【Vol.242】FIWAマンスリー・セミナー講演より(講演2)

計量分析ツールの使い方

講演 岡本 和久 CFA, FIWA
レポーター 赤堀 薫里

岡本和久20220623

今回はポートフォリオ理論の基礎についてと、計量モデルを使ってできること、ポートフォリオ分析ツール『FIWA®つみたてインディくん』について紹介します。

FIWA®のHP上にある、家計の資産形成応援ツールを開くと、非常に幅広くいろいろなことに使える年間使用料2万円の本格版と、若干制約がある無料のプロトタイプ版があります。まずは無料プロトタイプで少しやってみて、それから本格版に移行するのも良いかもしれません。今日は、この本格版をベースにお話をします。

このツールでは、4つのシミュレーションが可能です。1つは、株価指数連動定額積立投資シミュレーション。単一の株価指数に連動した、過去データに基づく定額積立投資のケースです。2番目は複数の株価指数を使った過去データに基づくシミュレーション。3番目は積立投資による将来の資産のシミュレーション。4番目に、資産取り崩しによる将来の資産シミュレーションです。

例えば、毎月の投資額を、仮に1万円とします。配当は基本的に再投資をします。投資期間は1998年7月から2022年までとし、その期間を分析します。これらの設定は簡単に変更することができます。

今回はグローバルに投資をするということで、世界市場を使ってみます。毎月1万円ずつ、1998年から2022年11月まで、24年4か月の期間での投資成果は、1,060万円になりました。年率の利回りは9.62%、リスクは18.54、シャープ比率は0.5190だったと表示されました。シャープ比率とは、リスク1単位あたりでリターンがどれぐらいあるのかを示します。この24年4か月の推移はグラフとして見ることができます。

次に、日本株のパフォーマンスはどうだったのか見てみましょう。先ほどの世界株で見たときは、1,060万になっていたのが、日本は620万ぐらいにしかなっていません。年率リターンが5.88%、世界株のリターンは9.62%でした。また、リスクは17.03、世界株はリターンが高い分だけリスクも少し高く、18.54でした。

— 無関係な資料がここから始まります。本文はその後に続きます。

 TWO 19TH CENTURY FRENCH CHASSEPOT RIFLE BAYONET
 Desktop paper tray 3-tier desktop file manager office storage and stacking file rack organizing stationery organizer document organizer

ただし、日本のシャープ比率は0.34で先ほどの世界株0.51と比較すると、魅力度は低かったということが言えます。

さらにアメリカ株を見てみます。世界株が約1,000万、日本株が約600万だったのが、アメリカ株の場合は、1,300~1,400万円ぐらい。年率リターンが11.49%でリスクが18.20。シャープ比率は0.63と、シャープ比率も非常に高い。この期間においては、アメリカが非常に魅力的だったということがわかります。

インディくんの複数の株価指数の過去データに基づく定額積立投資のケースを見てみます。期間は1998年7月からで、1万円ずつ投資をします。例えば配分比率は、アメリカ株50%、日本株50%にします。すると現在の資産額は1,000万円ぐらい。年率リターンが9.29。リスクは16.40、シャープ比率が0.56。このように日本株だけを持っているより、パフォーマンスはかなり良くなるということがわかります。

しかもリスクが大幅に下がります。なぜ下がるのか。それはアメリカ株と日本株の動きが違う、つまり相関係数が低いためです。さらに最適ポートフォリオを確認することができます。

アメリカ株と日本株の配分比率を変えてみます。面白いことは、日本株100%のうち、10%だけ、ずっとハイリスクのアメリカ株を加えると、トータルのリスクが減ることです。2割にするともっと減る。3割にするとさらにリスクは減ります。4割でも少し減っていく。でも、ここが要するにリスク最小値になります。

それから今度はアメリカ株を増やすほどリターンは向上していきます。逆にリスクも少しずつ上がっていく。リスクの高いものでも、動きの違うものを組み入れると、トータルの合成ポートフォリオのリスクは下がっていく局面があるが、ずっと下がるわけではなく、ある時点まで下がっていくと、そこから徐々に今度は上がっていくことになります。これはすごく重要なポイントで、隠し味みたいに、少しリスクの高いものを入れていく。違う動きをしている以上、リスクを取っても大きなメリットがある。逆にリスクを下げることができます。これを具体的な数値で見ることもできます。

感覚的に、「アメリカ株上がっているから、もうちょっと増やしましょう」という勘と度胸ではなく、こういうツールを使い、データに基づいた資産の配分をすることが大切なのです。間違った場合、自分で考えるときに、どの入力データが間違っていたのかを知りながらやっていくということが、合理的な資産の運用というものに繋がっていくのです。

講演では、FIWA®つみたてインディくんの使用方法の解説の予備知識として必要である、ポートフォリオ理論の基礎についての説明がありました。また、FIWA®つみたてインディくんができる具体的なシミュレーションの内容と、アドバイスのツールとしての活かし方についての解説をしていただきました。最後に岡本さんが使っているMVO (Mean Variance Optimization)とモンテカルロ・シミュレーションの使用方法をご紹介くださいました。